[TASK STATEMENT]: In the records below, find the line with "מפת הגעה אל עצמון מנחם - נוט'" and repeat it and every line after it, exactly, without any pictures.

─── EXCERPTED RECORDS

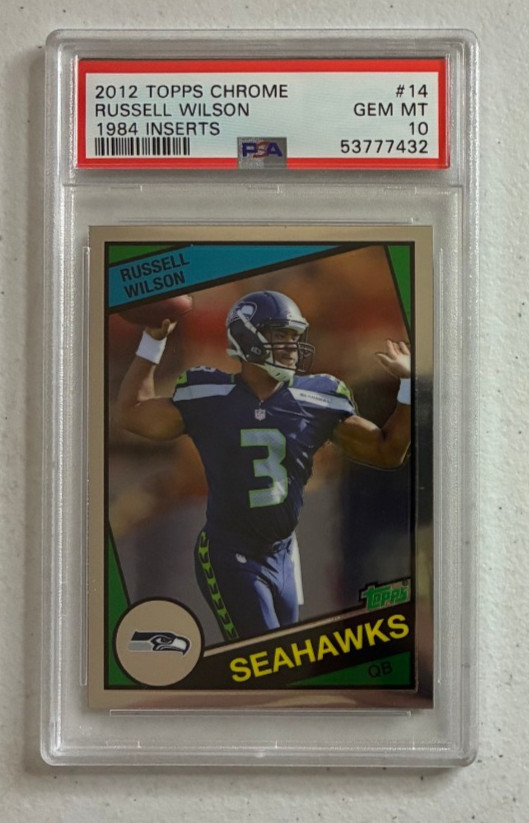 Russell Wilson Topps Chrome 1984 Inserts #14 Base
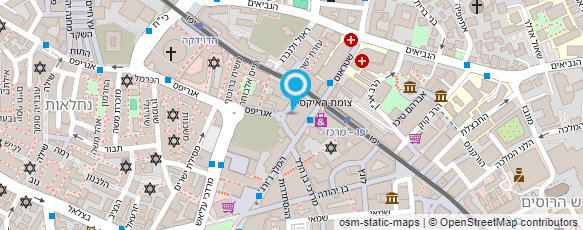 מפת הגעה אל עצמון מנחם - נוט'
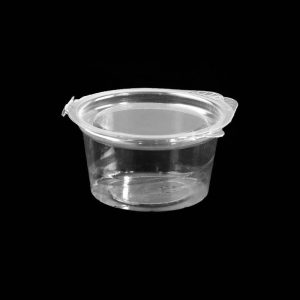 ظرف سس خوری 30 سی سی درب دار (عسلی کوچک) شفاف PP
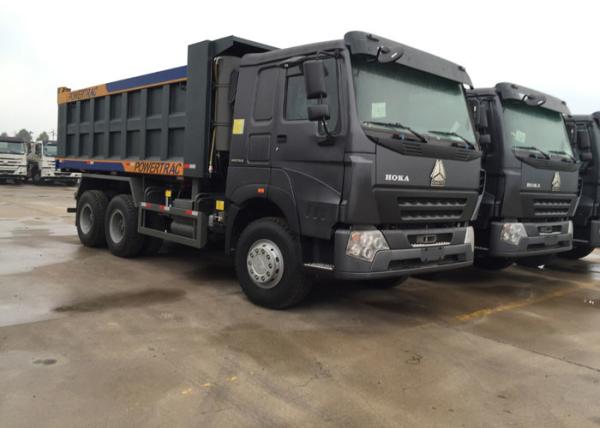 10 Wheels SINOTRUK Dump Truck LHD 371 HP 20CBM 30 - 40 Ton HYVA Hydraulic Cylinder
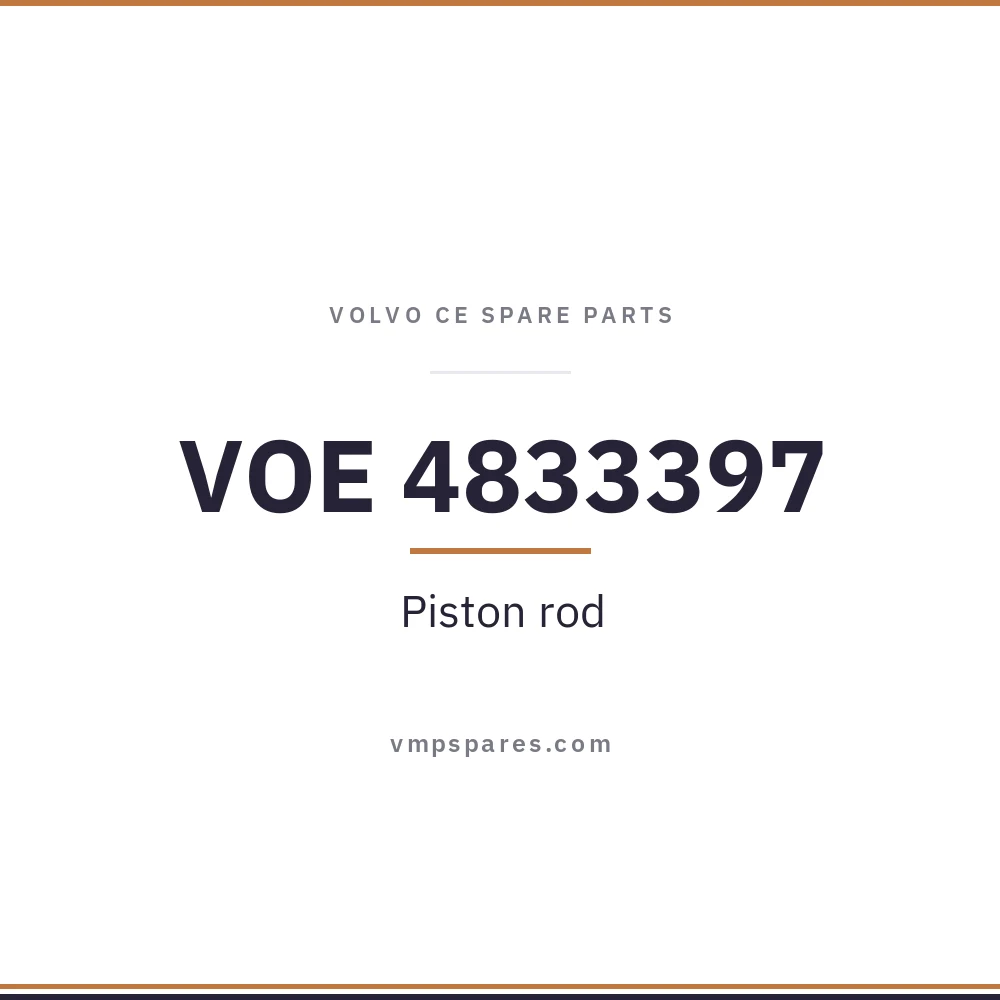 VOE 4833397 – Piston rod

──────

[SOLUTION]:
 מפת הגעה אל עצמון מנחם - נוט'
 ظرف سس خوری 30 سی سی درب دار (عسلی کوچک) شفاف PP
 10 Wheels SINOTRUK Dump Truck LHD 371 HP 20CBM 30 - 40 Ton HYVA Hydraulic Cylinder
 VOE 4833397 – Piston rod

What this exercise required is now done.